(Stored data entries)
****************************************

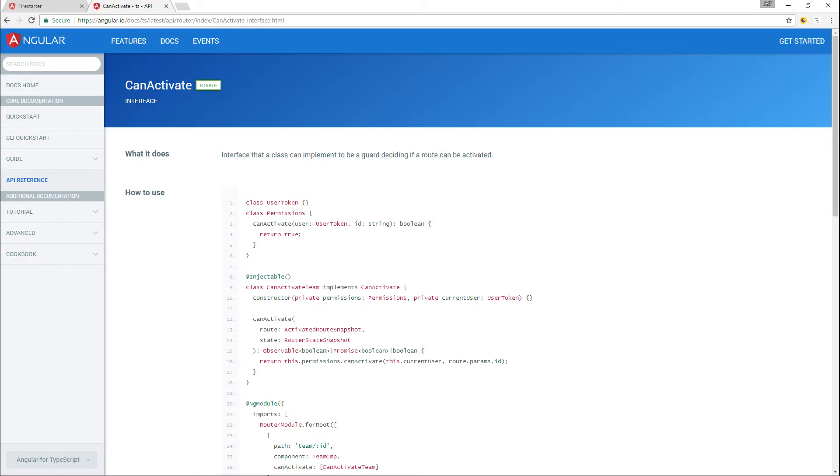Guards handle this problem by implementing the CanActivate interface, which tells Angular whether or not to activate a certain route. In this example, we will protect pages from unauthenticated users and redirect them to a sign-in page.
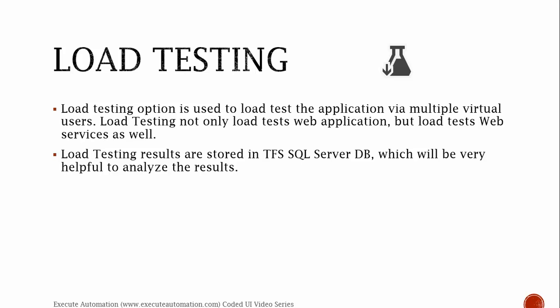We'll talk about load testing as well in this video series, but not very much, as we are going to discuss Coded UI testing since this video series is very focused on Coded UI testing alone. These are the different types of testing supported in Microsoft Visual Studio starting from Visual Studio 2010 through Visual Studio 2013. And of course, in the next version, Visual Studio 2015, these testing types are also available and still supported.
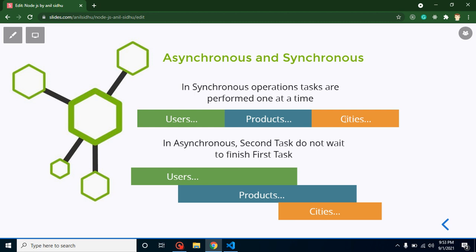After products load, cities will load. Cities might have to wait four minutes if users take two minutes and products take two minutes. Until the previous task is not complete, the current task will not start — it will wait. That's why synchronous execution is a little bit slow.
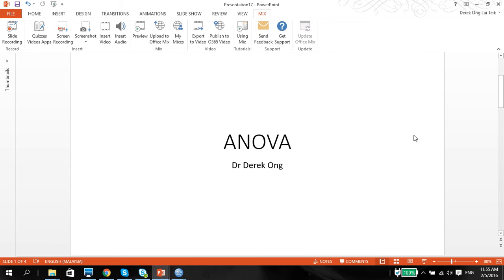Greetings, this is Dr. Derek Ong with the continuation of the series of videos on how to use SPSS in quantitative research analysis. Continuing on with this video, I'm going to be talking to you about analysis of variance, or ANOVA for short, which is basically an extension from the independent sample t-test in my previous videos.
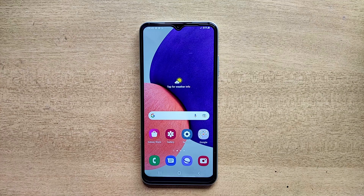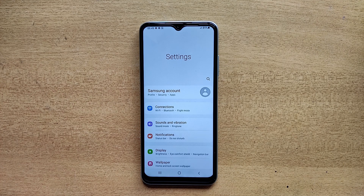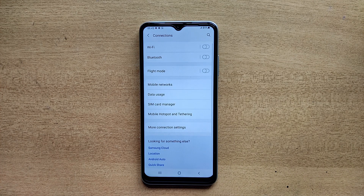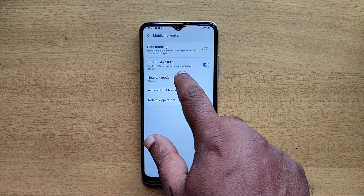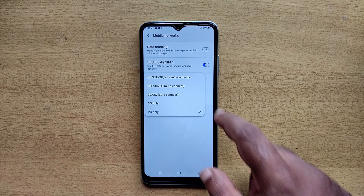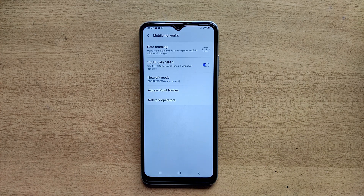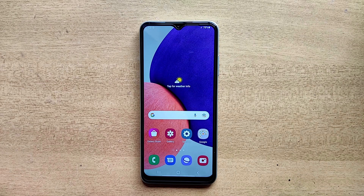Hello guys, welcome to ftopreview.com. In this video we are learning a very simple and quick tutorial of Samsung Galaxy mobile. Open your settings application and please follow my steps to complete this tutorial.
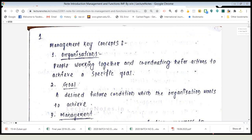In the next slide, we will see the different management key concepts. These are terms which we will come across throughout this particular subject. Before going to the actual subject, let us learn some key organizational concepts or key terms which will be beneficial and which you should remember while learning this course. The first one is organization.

****************************************

Starting with the first line of the data, transcribe every line exactly through the one containing "After products load, cities". No pictures go in.

- _RESULT_:
Guards handle this problem by implementing the CanActivate interface, which tells Angular whether or not to activate a certain route. In this example, we will protect pages from unauthenticated users and redirect them to a sign-in page.
We'll talk about load testing as well in this video series, but not very much, as we are going to discuss Coded UI testing since this video series is very focused on Coded UI testing alone. These are the different types of testing supported in Microsoft Visual Studio starting from Visual Studio 2010 through Visual Studio 2013. And of course, in the next version, Visual Studio 2015, these testing types are also available and still supported.
After products load, cities will load. Cities might have to wait four minutes if users take two minutes and products take two minutes. Until the previous task is not complete, the current task will not start — it will wait. That's why synchronous execution is a little bit slow.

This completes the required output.